VOL. 129 | NO. 67 | Monday, April 7, 2014
Luttrell Wants Suburban Schools Consideration in Funding Split
By Bill Dries
Shelby County Mayor Mark Luttrell has a pretty good idea what is on the $52.6 million capital spending “ask” list Shelby County Schools is sending his way.
As of last week, he still didn’t have the list on his desk. But when it gets there, Luttrell wants to talk with school system leaders and county commissioners about whether there should be more spending items for the schools that become part of the six suburban school systems in August.
“I am concerned a little bit. Right now there’s no requirement for ADA-ing that money,” Luttrell said of the proportional split to come among the county’s seven public school systems based on average daily attendance. Shelby County Schools leaders plan to avoid the split by asking for the funding now. “I am concerned that the schools outside of the city of Memphis – the municipal school districts – are claiming that they deserve part of that consideration. I want to be sensitive to the municipal school systems.”
On Shelby County Schools’ list of capital projects is a new roof for Millington Central High School. But the school board voted down an attempt to add a new roof at Lakeland Elementary School.
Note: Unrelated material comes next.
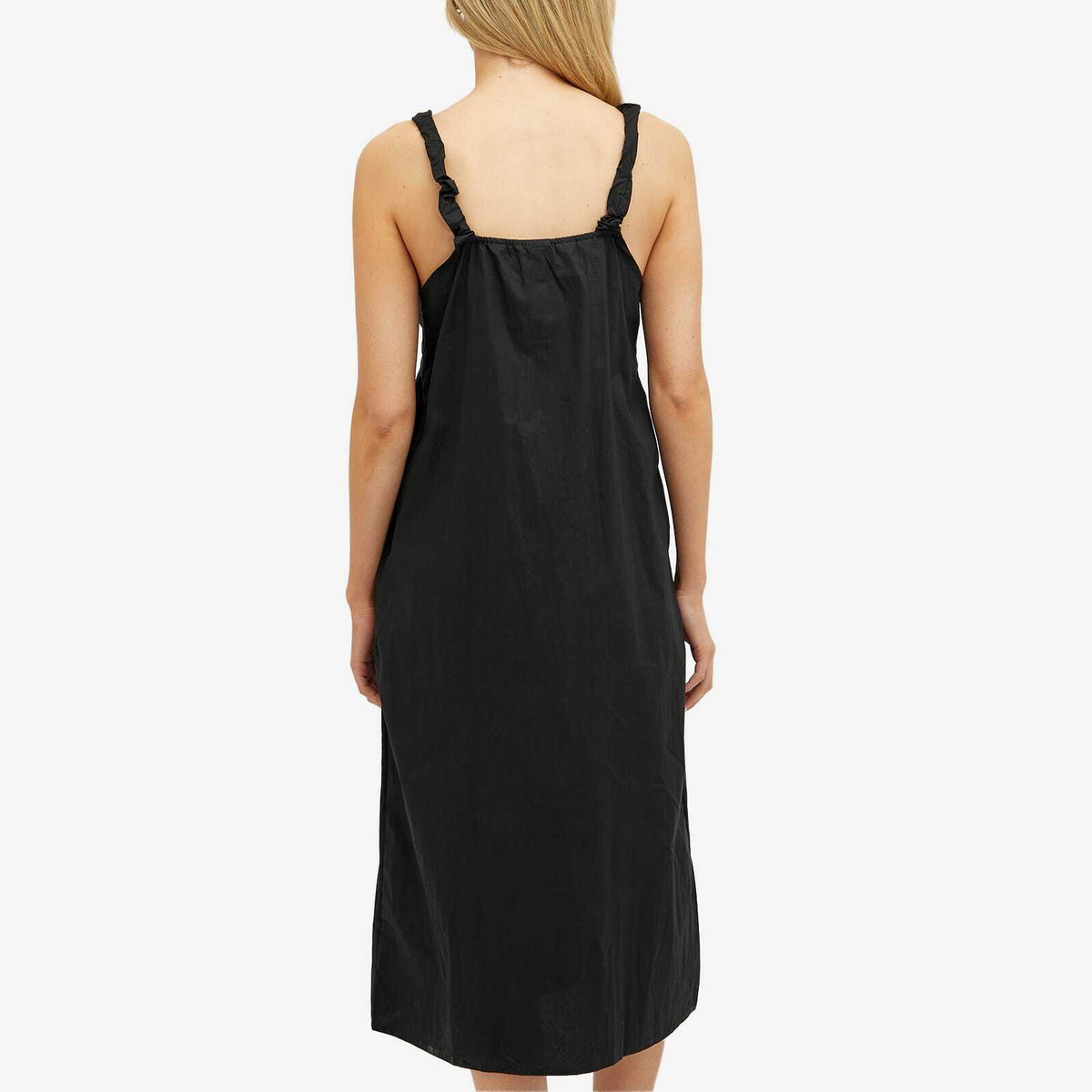 Deiji Studios Women's Ruched. Tie Midi Dress in Black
Luttrell acknowledged he is hearing from suburban schools leaders about their needs going into their first year of operation.
“I do think that the municipal school districts have an argument, certainly a consideration,” he said. “This year, for legal reasons, the ADA doesn’t apply, but yet the municipalities say, ‘We still have a need.’ When you look at county government, it has a responsibility for what will be seven school districts.”
Shelby County Schools superintendent Dorsey Hopson, however, has said his school system has only one source of local funding – Shelby County government – while the suburban school systems have both the county and their respective municipal governments.
The capital funding for schools has been set aside during the merger and the demerger of public education in Shelby County, and Luttrell has said there is funding to finance the school system’s capital list without impacting the budget for the fiscal year that starts July 1.
But Luttrell said that in addition to the suburban concerns, he and his staff will be examining which projects are immediate and which can wait for future fiscal years.
Luttrell delivered his $1.1 billion consolidated county government budget to commissioners last week.
It also reflects the transition in funding from merger to demerger, with Luttrell keeping the county’s overall education funding at $382 million in his proposal. But the difference is the $382 million is spread across seven school systems instead of the one system this fiscal year.
“We are in the second year of a three-year reset of the maintenance of effort,” Luttrell said, referring to the state requirement that local governments cannot reduce their funding to school systems unless there has been an applicable drop in enrollment. The maintenance of effort reset, to be determined by state education officials, is a result of the schools merger and demerger.
“I think, going forward, just the cost of doing business is going to require us to look at some increase in education spending,” Luttrell added. “But I’d like for us to work through this three-year reset so we can get a good handle on what that cost is going to be.”
Another result of the coming demerger is the elimination of the separate county property tax rate for the county outside Memphis, which is a result of rural school bonds used to finance the construction of Arlington High School. The rural school bonds make the county property tax rate outside Memphis 4 cents higher than the county property tax rate within Memphis.
“With the transitioning of the school system, we really needed to get this rural school bond issue resolved,” he said. “We just felt in fairness that the residents of the school district in Millington shouldn’t be paying for the high school in Arlington.”
Luttrell also proposes to shave a penny off the current county property tax rate, which the commission raised to $4.38 last budget season. Each penny on the tax rate produces $1.6 million in revenue for the county, and Luttrell said there is a “slight uptick” in revenue collections as well as government efficiencies and less county money going to pay the county’s debt.
With the 1-cent drop in the rate, Luttrell is proposing a 2.5 percent general salary increase for county government employees. Elected officials holding countywide offices outside the county administration agreed to finance the same percentage pay raise for their workers out of their separate budgets.
Luttrell said the agreement was crucial to be able to afford the pay raise.